I knew (I was flawed as a dancer). The instructor told me something
was lacking. In a single word, that something was grace. (What she
actually said was along the lines of 'balance, coordination and
the ability to make gross motor movements without imperiling the
well-being of others in the room, ' but it amounts to the same thing.)
Without grace, life - especially the life of faith- is a clumsy,
awkward business. Without grace, people get hurt. They get hurt
often by religious people who lack grace. Without grace-we just
look like any other institution or organization.
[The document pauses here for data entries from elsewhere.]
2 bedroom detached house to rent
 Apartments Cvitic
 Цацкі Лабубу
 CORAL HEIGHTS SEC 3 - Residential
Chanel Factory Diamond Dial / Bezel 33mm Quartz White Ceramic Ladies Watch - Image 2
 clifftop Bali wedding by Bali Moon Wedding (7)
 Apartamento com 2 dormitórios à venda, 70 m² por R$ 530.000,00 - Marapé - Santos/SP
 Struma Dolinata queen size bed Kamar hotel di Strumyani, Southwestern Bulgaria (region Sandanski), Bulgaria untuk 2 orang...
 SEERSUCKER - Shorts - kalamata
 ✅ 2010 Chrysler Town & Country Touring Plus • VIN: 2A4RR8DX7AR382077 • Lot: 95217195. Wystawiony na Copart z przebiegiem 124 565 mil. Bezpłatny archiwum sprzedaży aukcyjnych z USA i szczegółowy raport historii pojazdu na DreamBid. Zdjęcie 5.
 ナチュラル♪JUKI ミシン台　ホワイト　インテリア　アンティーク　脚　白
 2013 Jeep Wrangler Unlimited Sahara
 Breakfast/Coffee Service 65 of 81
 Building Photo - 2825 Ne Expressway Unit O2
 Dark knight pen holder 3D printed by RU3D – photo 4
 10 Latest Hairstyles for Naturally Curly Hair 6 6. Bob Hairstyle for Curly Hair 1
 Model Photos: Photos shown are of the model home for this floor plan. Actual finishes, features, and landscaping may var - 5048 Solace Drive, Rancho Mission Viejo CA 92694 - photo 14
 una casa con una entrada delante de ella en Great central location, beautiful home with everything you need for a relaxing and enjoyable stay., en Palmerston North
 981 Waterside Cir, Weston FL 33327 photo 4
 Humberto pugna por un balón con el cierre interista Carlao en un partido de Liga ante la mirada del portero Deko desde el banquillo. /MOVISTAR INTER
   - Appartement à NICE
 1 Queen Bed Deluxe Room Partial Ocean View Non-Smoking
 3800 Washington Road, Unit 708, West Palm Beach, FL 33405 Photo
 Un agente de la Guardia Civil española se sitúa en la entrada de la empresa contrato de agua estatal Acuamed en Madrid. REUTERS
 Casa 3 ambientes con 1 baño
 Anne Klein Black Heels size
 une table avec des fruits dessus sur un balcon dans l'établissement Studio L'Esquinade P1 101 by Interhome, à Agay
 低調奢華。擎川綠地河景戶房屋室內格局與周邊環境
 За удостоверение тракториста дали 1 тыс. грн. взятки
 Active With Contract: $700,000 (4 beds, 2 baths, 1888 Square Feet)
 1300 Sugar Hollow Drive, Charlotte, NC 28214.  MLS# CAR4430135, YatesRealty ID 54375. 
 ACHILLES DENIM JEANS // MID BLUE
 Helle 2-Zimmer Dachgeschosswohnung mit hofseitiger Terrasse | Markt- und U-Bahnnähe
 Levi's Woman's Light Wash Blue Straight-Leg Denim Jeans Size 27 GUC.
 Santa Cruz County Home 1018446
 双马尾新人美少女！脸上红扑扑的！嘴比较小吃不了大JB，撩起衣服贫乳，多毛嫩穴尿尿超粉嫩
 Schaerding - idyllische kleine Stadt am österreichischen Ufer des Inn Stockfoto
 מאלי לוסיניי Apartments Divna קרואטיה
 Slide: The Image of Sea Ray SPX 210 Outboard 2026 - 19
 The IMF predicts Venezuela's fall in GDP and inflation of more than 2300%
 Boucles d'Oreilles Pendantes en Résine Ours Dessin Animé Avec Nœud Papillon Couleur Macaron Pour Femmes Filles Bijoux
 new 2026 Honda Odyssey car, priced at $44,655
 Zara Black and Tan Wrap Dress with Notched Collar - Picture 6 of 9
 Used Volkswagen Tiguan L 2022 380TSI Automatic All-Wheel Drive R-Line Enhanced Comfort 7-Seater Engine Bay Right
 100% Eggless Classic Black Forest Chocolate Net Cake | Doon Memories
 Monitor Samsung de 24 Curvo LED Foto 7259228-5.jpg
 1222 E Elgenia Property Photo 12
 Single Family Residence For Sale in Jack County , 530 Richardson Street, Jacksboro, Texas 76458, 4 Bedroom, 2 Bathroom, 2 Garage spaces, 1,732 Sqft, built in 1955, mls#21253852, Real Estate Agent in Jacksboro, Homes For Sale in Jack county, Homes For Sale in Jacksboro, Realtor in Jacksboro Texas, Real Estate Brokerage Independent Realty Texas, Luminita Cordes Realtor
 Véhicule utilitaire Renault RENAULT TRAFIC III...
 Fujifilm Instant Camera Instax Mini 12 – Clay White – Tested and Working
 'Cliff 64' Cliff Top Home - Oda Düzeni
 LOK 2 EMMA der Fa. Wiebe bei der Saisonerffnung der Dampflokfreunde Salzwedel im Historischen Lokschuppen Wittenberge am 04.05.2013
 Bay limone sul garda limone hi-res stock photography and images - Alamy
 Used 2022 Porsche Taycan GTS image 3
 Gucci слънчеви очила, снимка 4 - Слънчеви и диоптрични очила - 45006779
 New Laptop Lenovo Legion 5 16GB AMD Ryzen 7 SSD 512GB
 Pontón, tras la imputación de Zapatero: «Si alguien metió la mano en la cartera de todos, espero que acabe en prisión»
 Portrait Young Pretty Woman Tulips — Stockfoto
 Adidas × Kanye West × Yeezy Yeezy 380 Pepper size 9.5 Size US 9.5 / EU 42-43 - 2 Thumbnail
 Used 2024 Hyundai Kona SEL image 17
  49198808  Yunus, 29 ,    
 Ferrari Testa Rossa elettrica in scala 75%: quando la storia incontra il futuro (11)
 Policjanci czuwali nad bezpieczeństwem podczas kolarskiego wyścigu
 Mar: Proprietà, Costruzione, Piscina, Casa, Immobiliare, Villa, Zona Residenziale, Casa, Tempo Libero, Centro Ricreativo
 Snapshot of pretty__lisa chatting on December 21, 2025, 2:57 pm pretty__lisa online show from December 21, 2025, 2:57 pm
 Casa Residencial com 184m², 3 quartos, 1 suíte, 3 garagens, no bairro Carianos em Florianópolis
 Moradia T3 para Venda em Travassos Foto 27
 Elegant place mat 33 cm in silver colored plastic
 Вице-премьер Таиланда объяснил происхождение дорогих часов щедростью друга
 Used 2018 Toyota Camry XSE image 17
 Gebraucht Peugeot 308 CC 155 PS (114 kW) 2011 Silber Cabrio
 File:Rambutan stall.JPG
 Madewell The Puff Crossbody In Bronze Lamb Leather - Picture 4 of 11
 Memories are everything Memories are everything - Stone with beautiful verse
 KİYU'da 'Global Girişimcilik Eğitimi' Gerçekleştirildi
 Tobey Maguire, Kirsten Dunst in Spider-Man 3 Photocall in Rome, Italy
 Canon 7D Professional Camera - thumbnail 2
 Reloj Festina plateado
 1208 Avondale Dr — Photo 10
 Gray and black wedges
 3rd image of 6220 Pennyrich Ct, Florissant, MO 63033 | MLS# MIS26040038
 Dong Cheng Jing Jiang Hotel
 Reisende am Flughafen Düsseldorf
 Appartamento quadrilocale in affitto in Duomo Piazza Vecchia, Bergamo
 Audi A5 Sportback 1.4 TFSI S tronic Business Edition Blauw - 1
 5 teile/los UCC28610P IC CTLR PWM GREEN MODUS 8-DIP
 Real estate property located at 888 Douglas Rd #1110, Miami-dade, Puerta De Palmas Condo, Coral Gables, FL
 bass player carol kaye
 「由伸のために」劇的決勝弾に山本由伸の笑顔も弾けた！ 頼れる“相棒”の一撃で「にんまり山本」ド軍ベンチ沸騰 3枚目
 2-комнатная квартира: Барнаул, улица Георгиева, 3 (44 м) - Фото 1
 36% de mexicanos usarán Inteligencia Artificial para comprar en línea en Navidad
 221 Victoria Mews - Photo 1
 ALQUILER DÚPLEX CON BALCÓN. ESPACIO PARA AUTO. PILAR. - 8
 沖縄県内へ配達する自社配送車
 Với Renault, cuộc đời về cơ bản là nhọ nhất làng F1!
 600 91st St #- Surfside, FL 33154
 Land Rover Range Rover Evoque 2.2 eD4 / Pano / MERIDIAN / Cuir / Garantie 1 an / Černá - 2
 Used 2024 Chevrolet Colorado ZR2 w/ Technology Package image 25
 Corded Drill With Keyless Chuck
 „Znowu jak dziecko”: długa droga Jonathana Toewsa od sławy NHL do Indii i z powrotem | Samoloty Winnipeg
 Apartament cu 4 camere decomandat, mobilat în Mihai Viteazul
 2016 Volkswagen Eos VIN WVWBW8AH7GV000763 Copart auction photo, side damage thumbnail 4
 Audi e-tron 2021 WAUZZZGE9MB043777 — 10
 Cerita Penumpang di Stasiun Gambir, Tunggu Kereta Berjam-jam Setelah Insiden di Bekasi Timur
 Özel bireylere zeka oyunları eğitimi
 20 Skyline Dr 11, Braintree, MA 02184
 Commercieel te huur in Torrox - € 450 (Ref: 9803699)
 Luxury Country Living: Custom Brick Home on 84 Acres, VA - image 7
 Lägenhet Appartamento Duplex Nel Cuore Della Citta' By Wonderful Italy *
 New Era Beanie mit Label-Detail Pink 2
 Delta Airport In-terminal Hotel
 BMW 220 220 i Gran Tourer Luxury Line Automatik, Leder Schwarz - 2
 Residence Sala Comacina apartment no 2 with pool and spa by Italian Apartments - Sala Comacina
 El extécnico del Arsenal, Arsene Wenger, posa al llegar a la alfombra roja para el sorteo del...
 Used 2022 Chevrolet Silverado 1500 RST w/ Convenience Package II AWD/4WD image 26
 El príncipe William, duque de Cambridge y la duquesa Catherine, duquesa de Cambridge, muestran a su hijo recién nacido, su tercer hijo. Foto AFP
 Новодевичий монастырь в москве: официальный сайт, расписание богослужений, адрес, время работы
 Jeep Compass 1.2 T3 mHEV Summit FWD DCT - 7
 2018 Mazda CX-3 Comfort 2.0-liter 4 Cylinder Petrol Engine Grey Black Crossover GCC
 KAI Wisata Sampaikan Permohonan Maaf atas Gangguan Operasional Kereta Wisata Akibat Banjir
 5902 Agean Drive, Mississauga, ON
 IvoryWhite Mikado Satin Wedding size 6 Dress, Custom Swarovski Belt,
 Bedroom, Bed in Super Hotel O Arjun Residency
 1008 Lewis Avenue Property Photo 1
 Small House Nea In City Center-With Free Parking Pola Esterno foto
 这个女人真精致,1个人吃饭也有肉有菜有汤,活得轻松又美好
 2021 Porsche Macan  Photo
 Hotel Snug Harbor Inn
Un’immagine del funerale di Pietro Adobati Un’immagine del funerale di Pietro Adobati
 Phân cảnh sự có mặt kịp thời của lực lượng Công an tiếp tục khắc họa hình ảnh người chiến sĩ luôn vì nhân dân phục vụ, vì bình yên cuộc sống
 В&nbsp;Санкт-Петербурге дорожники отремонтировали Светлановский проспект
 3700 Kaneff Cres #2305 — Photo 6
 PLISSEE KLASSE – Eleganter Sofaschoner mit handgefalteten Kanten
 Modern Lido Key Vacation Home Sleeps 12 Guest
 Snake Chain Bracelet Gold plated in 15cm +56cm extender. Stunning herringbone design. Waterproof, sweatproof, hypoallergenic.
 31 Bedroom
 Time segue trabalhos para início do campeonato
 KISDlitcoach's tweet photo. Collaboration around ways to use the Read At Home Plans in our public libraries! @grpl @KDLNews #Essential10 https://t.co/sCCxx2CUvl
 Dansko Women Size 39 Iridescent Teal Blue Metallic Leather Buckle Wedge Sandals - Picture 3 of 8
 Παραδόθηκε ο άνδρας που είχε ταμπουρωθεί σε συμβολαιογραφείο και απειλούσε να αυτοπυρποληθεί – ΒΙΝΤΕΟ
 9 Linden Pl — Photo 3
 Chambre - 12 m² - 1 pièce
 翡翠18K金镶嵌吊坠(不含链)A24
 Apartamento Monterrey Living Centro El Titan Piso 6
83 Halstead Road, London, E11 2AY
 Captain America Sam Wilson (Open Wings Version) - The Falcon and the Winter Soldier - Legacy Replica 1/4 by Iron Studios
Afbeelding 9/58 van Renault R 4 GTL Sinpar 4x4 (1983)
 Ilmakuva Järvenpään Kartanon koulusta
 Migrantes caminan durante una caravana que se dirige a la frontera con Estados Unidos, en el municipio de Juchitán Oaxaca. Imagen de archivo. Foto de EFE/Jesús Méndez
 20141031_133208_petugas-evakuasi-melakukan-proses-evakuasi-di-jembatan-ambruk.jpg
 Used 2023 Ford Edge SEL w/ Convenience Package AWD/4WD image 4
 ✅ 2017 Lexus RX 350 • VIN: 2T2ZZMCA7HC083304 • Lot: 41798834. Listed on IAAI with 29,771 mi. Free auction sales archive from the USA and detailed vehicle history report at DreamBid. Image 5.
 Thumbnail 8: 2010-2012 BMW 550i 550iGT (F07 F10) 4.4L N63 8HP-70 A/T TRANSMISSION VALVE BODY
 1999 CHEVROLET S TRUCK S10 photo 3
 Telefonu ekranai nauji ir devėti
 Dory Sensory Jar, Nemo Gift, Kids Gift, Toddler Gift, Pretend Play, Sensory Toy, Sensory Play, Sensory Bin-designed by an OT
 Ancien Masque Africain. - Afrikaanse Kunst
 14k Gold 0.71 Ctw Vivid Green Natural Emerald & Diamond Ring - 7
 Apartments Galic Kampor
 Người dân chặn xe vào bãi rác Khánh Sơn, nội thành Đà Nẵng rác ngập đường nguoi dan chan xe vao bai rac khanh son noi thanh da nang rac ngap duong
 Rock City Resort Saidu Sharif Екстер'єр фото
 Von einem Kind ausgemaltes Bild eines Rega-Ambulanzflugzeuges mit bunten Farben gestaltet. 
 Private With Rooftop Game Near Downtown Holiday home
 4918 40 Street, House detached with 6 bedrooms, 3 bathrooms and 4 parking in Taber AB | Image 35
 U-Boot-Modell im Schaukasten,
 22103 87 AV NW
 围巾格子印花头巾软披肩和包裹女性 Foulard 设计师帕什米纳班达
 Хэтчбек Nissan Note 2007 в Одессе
Worst of all, without grace we fail to share with the world the
one thing people need most: the grace, love and forgiveness we have
come to know for ourselves through Jesus Christ.
That's why we need leaders who are people of grace. People like
Paul
and Timothy
and Peter
and Prisca
and
so many others like those early leaders who graced the church with
the love they came to know in Christ. Grace is what makes the church
dance well. Grace is what makes it all work together. If the Kirk
is to be an example to the world, let it be an example of grace.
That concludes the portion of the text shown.